An interdisciplinary team from the USC School of Pharmacy and the USC Institute for Global Health led a week long public health, leadership and soccer camp in Uganda for more than 1,000 young people in August.
The camp was presented in partnership with the nonprofit Ray United FC, which combines the power of education and soccer to enhance the health of kids and communities. Through community development programs and in partnership with local schools, Ray United FC brings kids together to promote healthy behaviors and strengthen global citizenship.
USC PharmD and Masters of Public Health students also visited four schools in Uganda’s northern Oyam district in collaboration with students from Makerere University. Together, they worked with elementary and high school children on infectious disease prevention, leadership, nutrition and gender equality.
“The impact has been more than amazing,” says Kim Ngan Tran, a third-year PharmD student. “Our daily soccer camps were a huge success. It helped build a level of trust and added to our success in educating these children.”
A Global Impact
Kim Ngan Tran, PharmD 2019 and Godfred Marfo, PharmD 2020 worked with Ruth Awosika, PharmD 2012, and Lily Fu, senior research and project manager in the Titus Family Department of Clinical Pharmacy, to raise $5,000 for the public health trip. Chipping in were School of Pharmacy faculty and students. “We’ve been able to donate school and soccer supplies, clean water, food and medication with the support of the USC family,” Fu says.

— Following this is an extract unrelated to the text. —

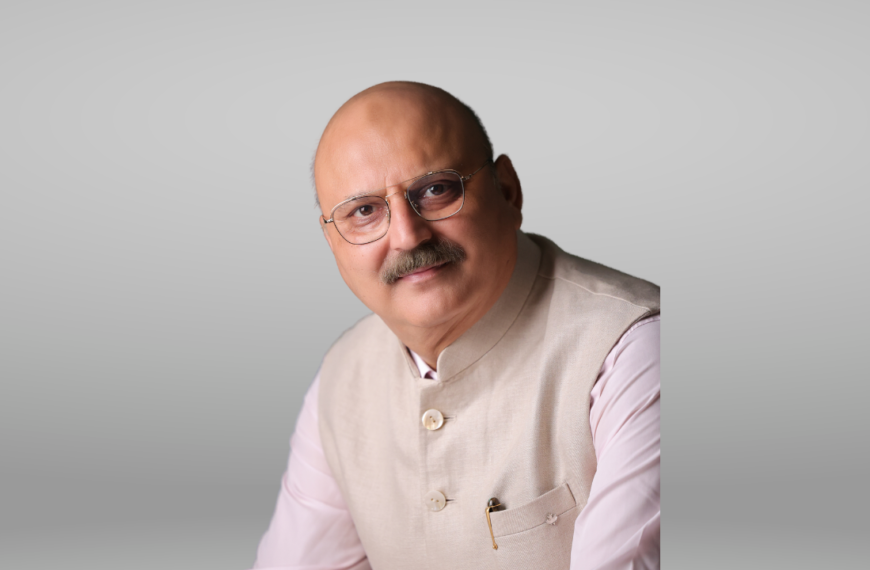 Infra First Logistics: Where Demand Follows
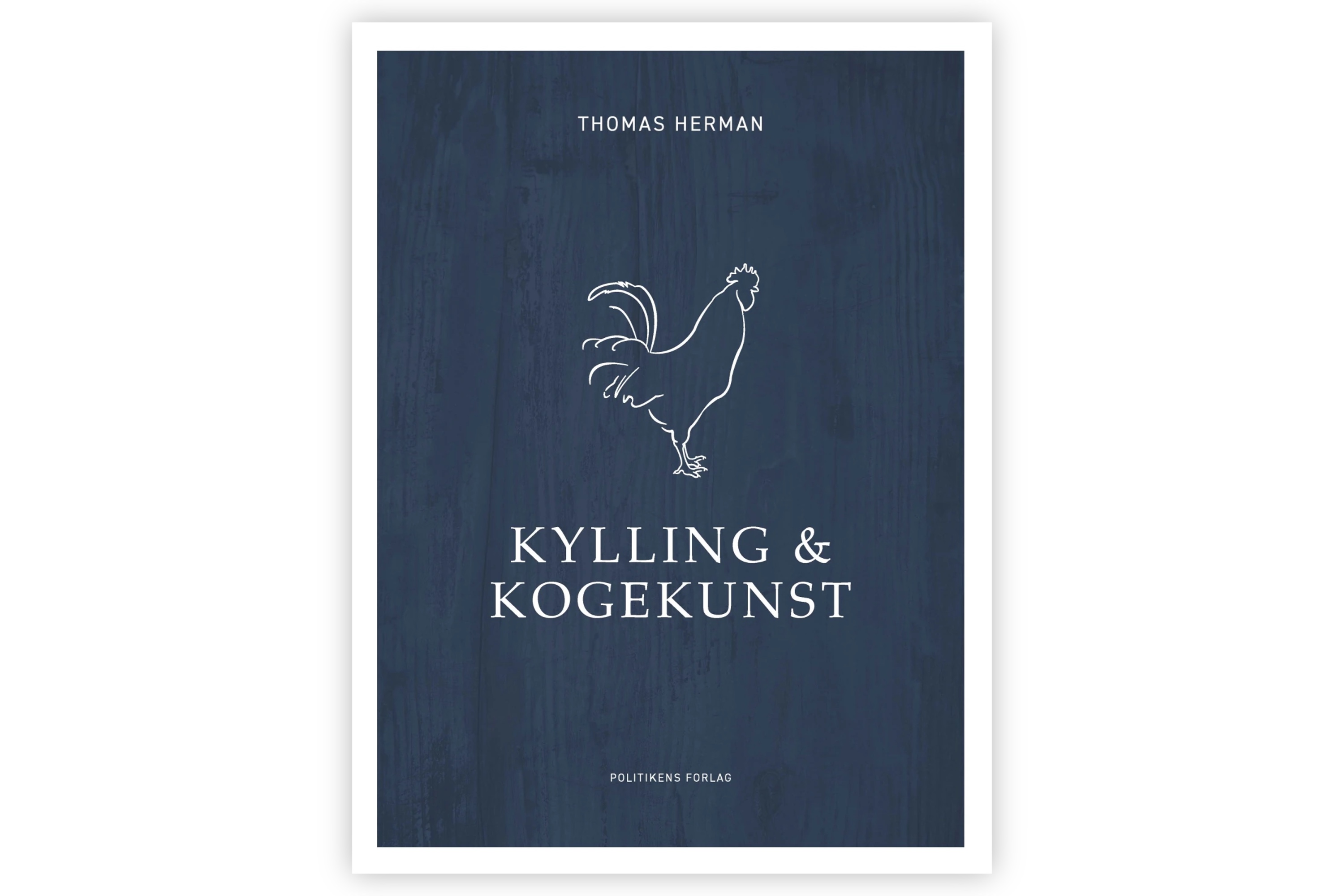 Kylling & kogekunst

For Marfo, this was an opportunity to give back to the nation that fostered his passion for public health. “Growing up in Ghana, I witnessed cases of malaria, tuberculosis, diarrhea and HIV/AIDS, among many other diseases that are still prevalent in Africa today,” he says.
His experience includes working as a high school teacher with students from underserved communities and migrant homes who were blind to the conditions disproportionately affecting them. “This collaboration between USC School of Pharmacy and USC Institute of Global Health opened my eyes to the vast void in primary and preventative health care services that can be filled by pharmacists.”
Students were exposed to the public health system of Uganda through visits to the Infectious Diseases Institute and Uganda Cancer Institute. They also toured health clinics and met with the Ministry of Health.
The experience increased students’ knowledge about the significant health challenges facing Uganda, including HIV rates, infectious diseases, diabetes and hypertension in a region with only one pharmacist per 100,000 people.
“It’s important for our future pharmacists to get a taste of a different health system,” Fu says. “It shapes their outlook on the diseases that plague the world at large and increases their cultural competence.”